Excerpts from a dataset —

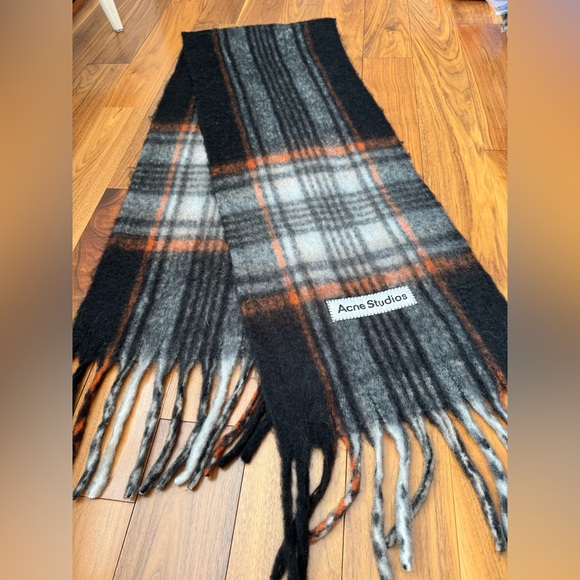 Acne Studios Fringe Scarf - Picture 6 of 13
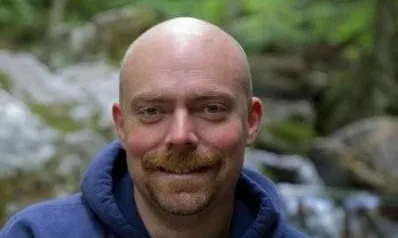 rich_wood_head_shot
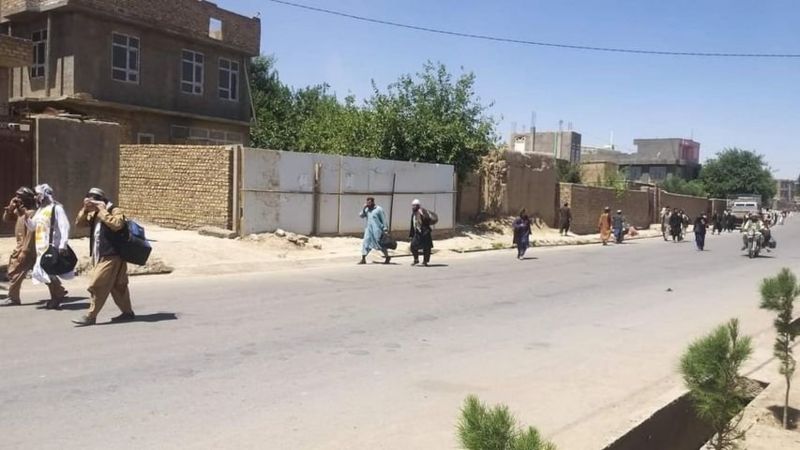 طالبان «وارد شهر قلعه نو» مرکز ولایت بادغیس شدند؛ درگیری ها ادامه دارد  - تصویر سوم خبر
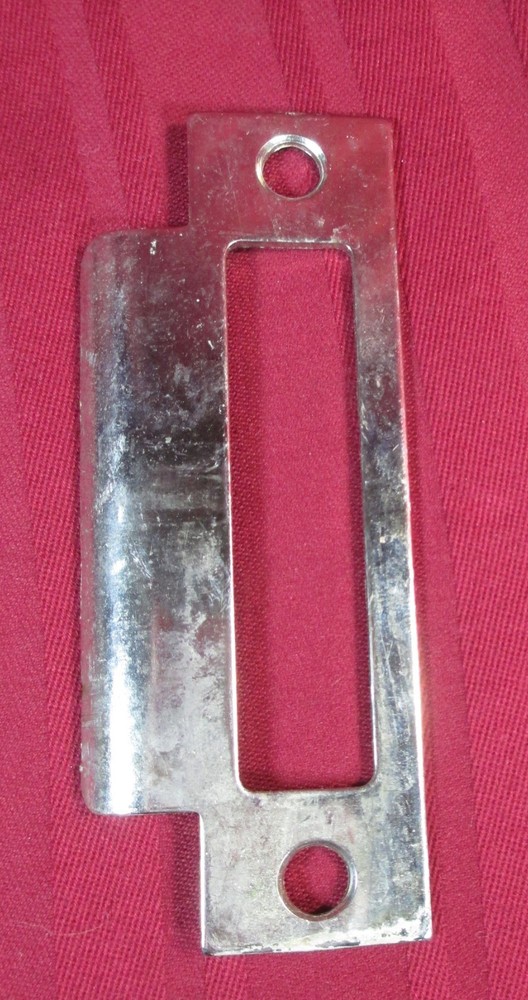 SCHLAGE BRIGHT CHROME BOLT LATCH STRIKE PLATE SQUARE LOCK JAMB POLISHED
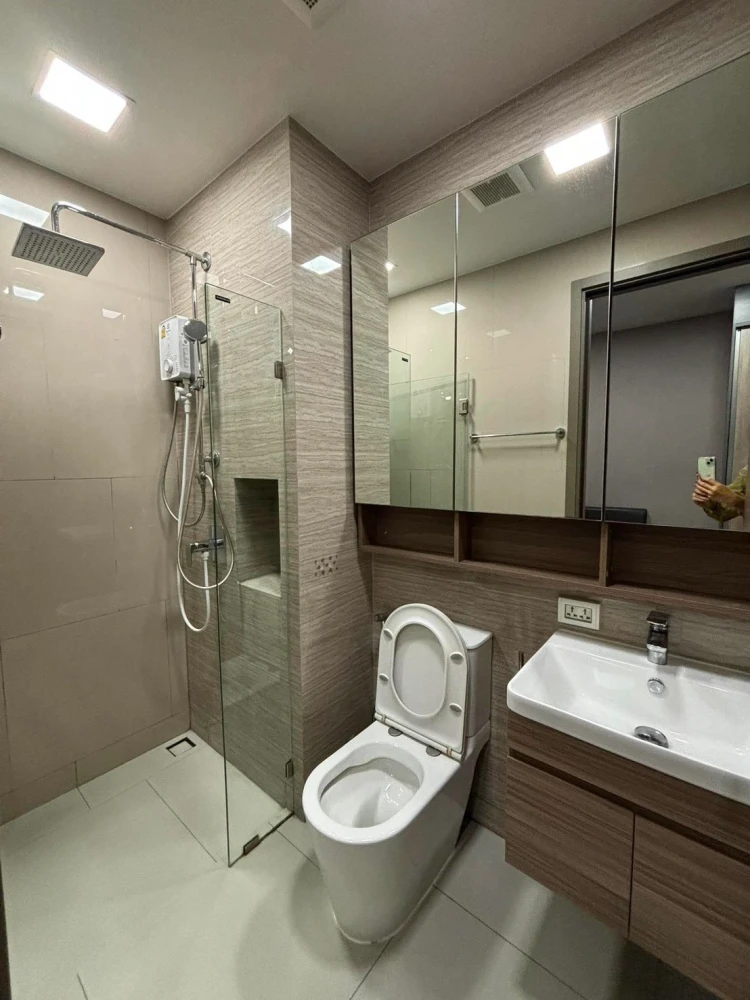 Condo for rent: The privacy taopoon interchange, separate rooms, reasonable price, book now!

...

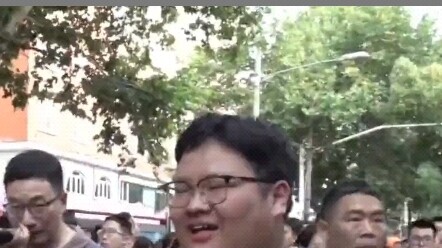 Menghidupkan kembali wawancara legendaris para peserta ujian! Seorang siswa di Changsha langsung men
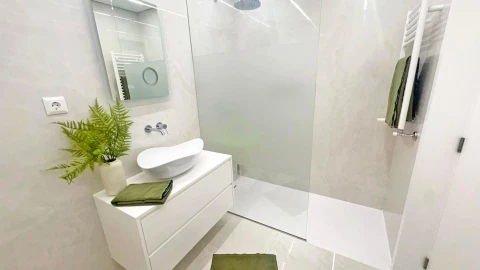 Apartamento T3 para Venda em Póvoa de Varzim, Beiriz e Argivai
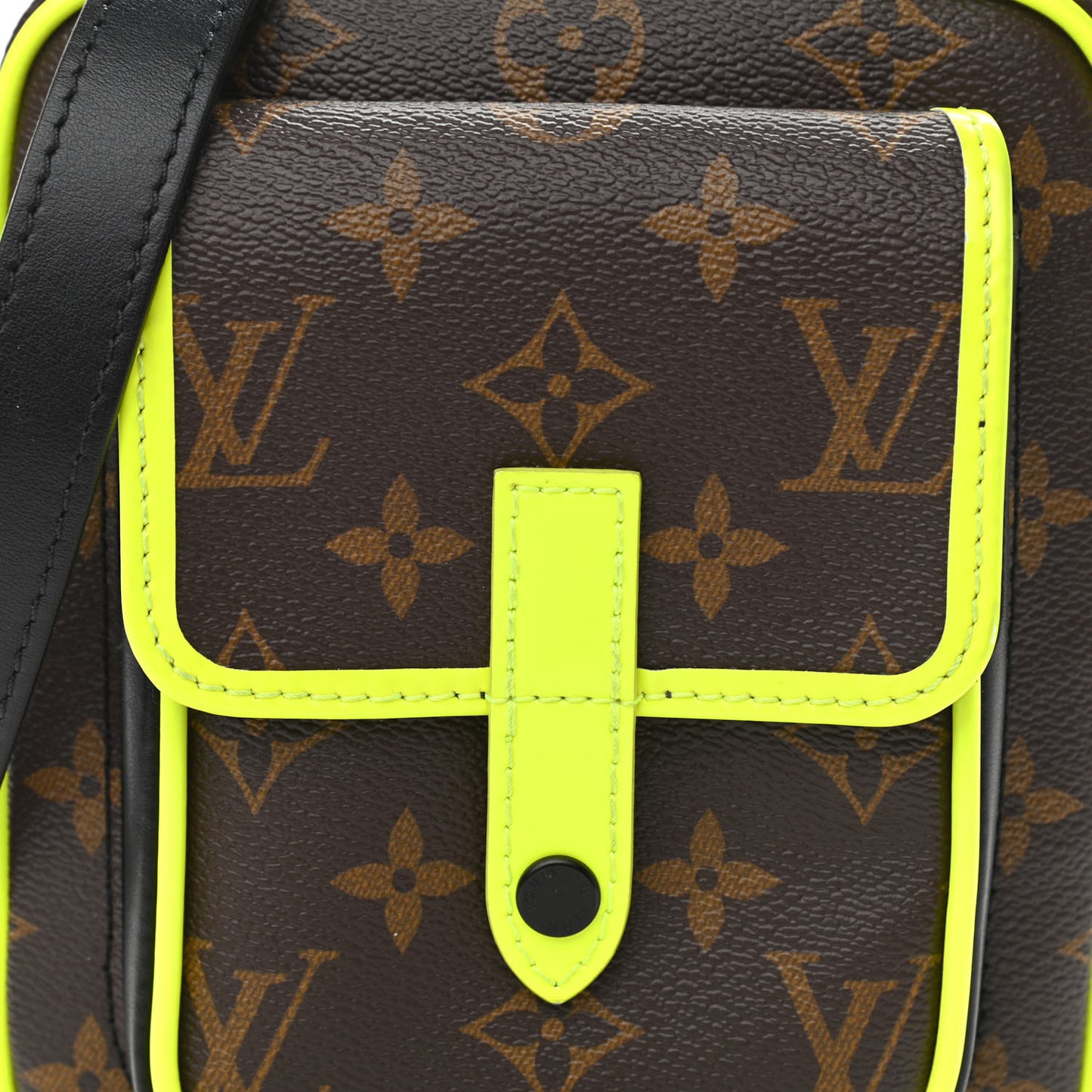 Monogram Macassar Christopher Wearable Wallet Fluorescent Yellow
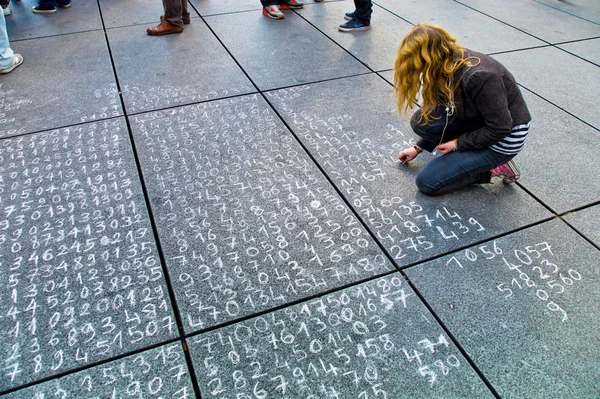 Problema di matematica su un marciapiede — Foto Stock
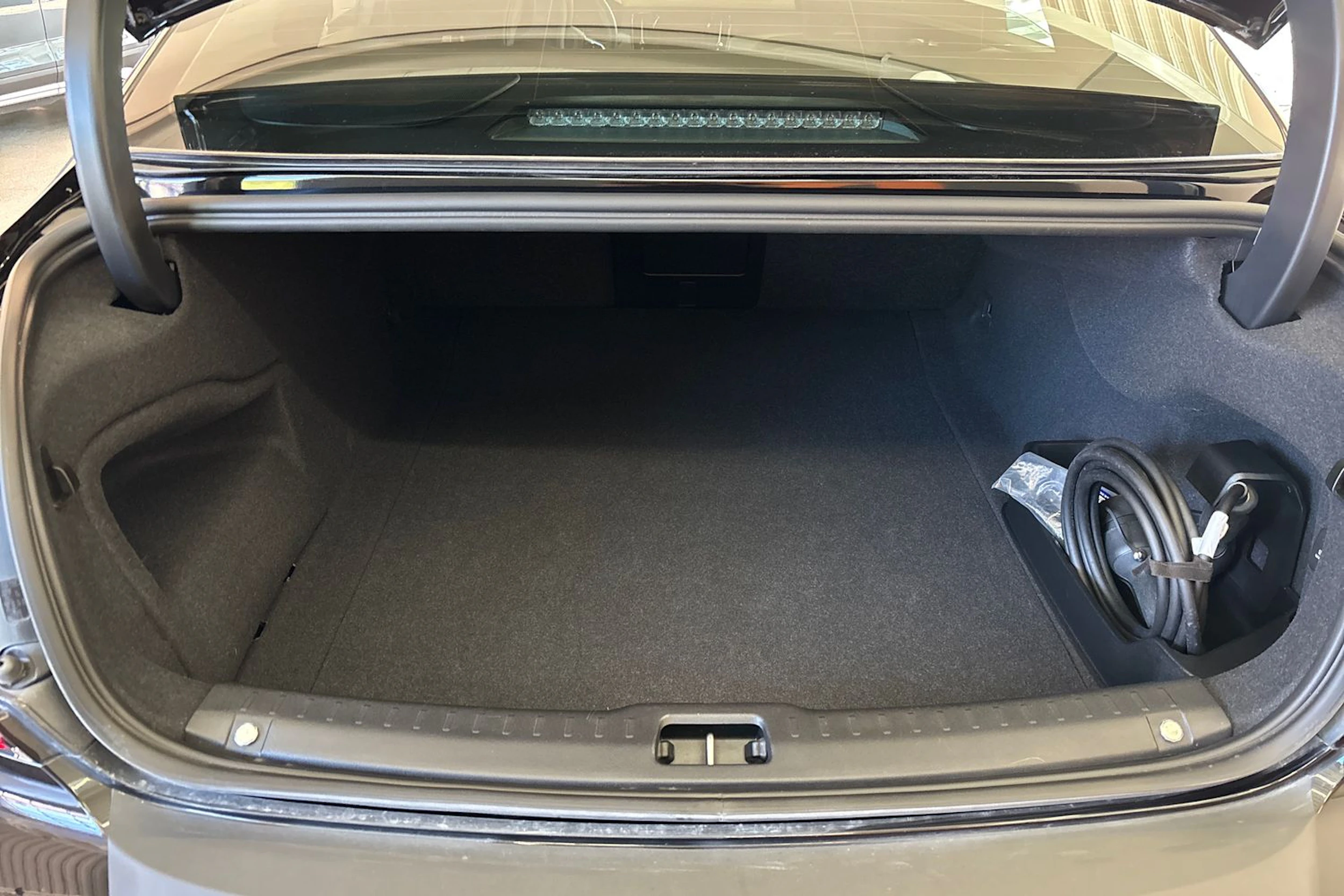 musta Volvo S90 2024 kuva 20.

Work item — Could you transcribe exactly the entries above, but only the lines from the one with "Acne Studios Fringe Scarf - Picture 6 of 13" through the one with "Condo for rent: The", and without pictures?

Worked solution —
 Acne Studios Fringe Scarf - Picture 6 of 13
 rich_wood_head_shot
 طالبان «وارد شهر قلعه نو» مرکز ولایت بادغیس شدند؛ درگیری ها ادامه دارد  - تصویر سوم خبر
 SCHLAGE BRIGHT CHROME BOLT LATCH STRIKE PLATE SQUARE LOCK JAMB POLISHED
 Condo for rent: The privacy taopoon interchange, separate rooms, reasonable price, book now!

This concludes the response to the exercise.